# Just picked up a Cabinet Humidor, check it out.



## BaconStrips (Jun 3, 2012)

I've been messing around with desktop humidors too much. My 150 count is almost always full and my 50 count desktop is too. I finally got fed up with them and conviced the wife to let me buy a cabinet and sell my other two off. After I got it seasoned up I filled it up with what sticks i got. Im using some old cigar boxes to hold the sticks in the cabinet until i can get some cedar trays to throw in there (they were seasoned with the humidor too). I love it. 
View attachment 68380
View attachment 68381
View attachment 68382


----------



## johnb (Feb 20, 2012)

nice humi!!


----------



## burritosdaily (Jul 2, 2007)

beautiful..... love it!


----------



## Mante (Dec 25, 2009)

Awesome pick up Kevin, very nice indeed. :thumb:


----------



## dav0 (Feb 7, 2011)

Kevin, enjoy your new humi brother, it is VERY nice - but it won't be long before you wish you had kept the desktops too! It is that kind of slope. :mischief:


----------



## Michigan_Moose (Oct 11, 2011)

Very nice


----------



## Eastree (Jan 28, 2012)

I read the title, and thought someone needs to eventually do this:










Congrats on the new cabinet! I hope it keeps your cigars happy for a long, long time!


----------



## SystemError (Apr 9, 2012)

Very nice.


----------



## ryanbish (May 3, 2012)

Very nice man. I have a feeling it won't be too long before I start looking at cabinets as well.


----------



## StogieNinja (Jul 29, 2009)

lol Ernest! 

Very nice looking cabinet, Kevin! How does it seal?


----------



## z0diac (May 18, 2010)

Very nice. I attempted buying a cabinet but it arrived damaged. And upon looking at it, it was clear it was *VERY* cheap build quality. The finish was peeling off, there was a large visible gap in the seal upon closing the door, etc... I shipped it back, got my money back, went down the road and picked up a small wine cooler for like $129.


----------



## smokin3000gt (Apr 25, 2012)

beautiful humi man! congrats


----------



## BaconStrips (Jun 3, 2012)

Aninjaforallseasons said:


> lol Ernest!
> 
> Very nice looking cabinet, Kevin! How does it seal?

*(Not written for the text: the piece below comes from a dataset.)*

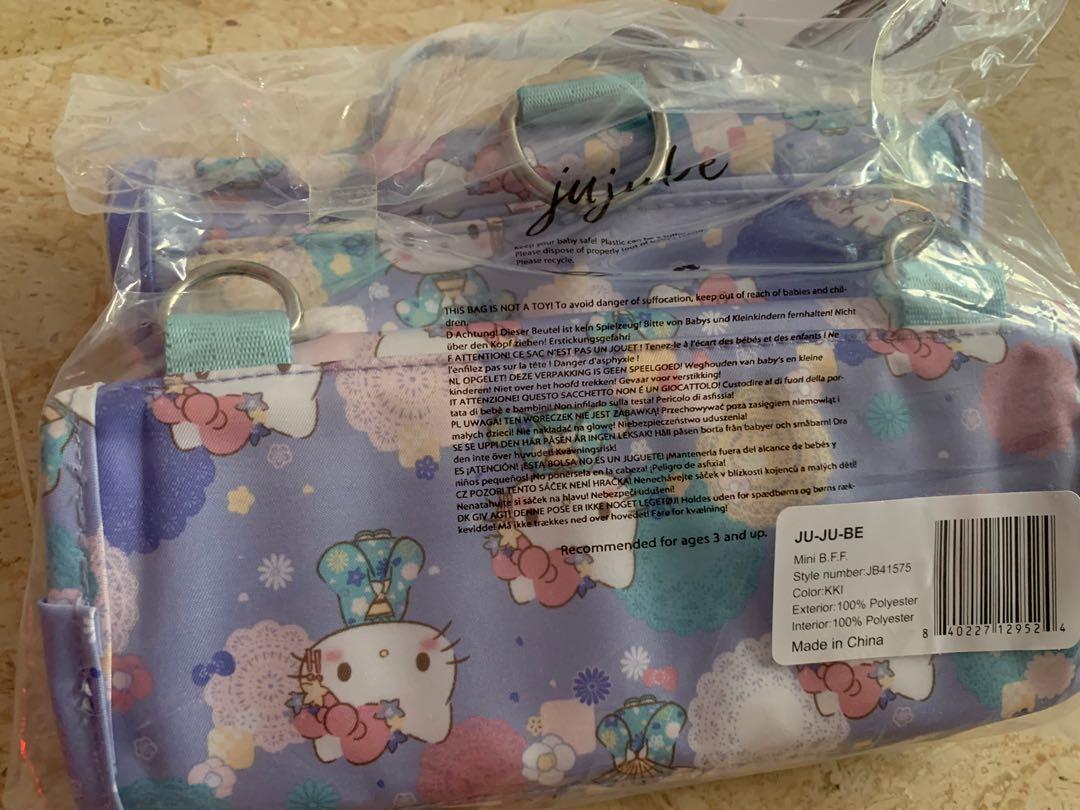 BN Jujube Hello Kitty Kimono Mini BFF Babies Kids Going Out Diaper Bags Wetbags on Carousell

The top seals great, a nice resistance of air when closing it, and it holds great. The front cabinets needed some weatherstripping where the doors meet, but around the edges were sealed great from the factory. Holds perfect now, 1 cigar oasis in the bottom controls the lower half and gel jars in the top (they are separate).

Thanks for all the nice comments guys, maybe now I'll have room to store all these cigars everyone keeps sending me. LOL. I love this website!


----------



## ept000 (Jun 7, 2012)

I really wish I had the space for something that nice. Congrats.


----------



## DarrelMorris (Feb 7, 2012)

That's pretty. You may want to rethink selling the others though. You may need the extra space some day.


----------



## BaconStrips (Jun 3, 2012)

DarrelMorris said:


> That's pretty. You may want to rethink selling the others though. You may need the extra space some day.


I am now, you guys got me second guessing selling the other 2 off. Hahahaha


----------



## Ants (May 30, 2012)

Great looking humidor Kevin!


----------



## NorthernGoose (Mar 13, 2012)

Nice looking humi


----------



## standldc (Nov 16, 2011)

Nice looking humidor!


----------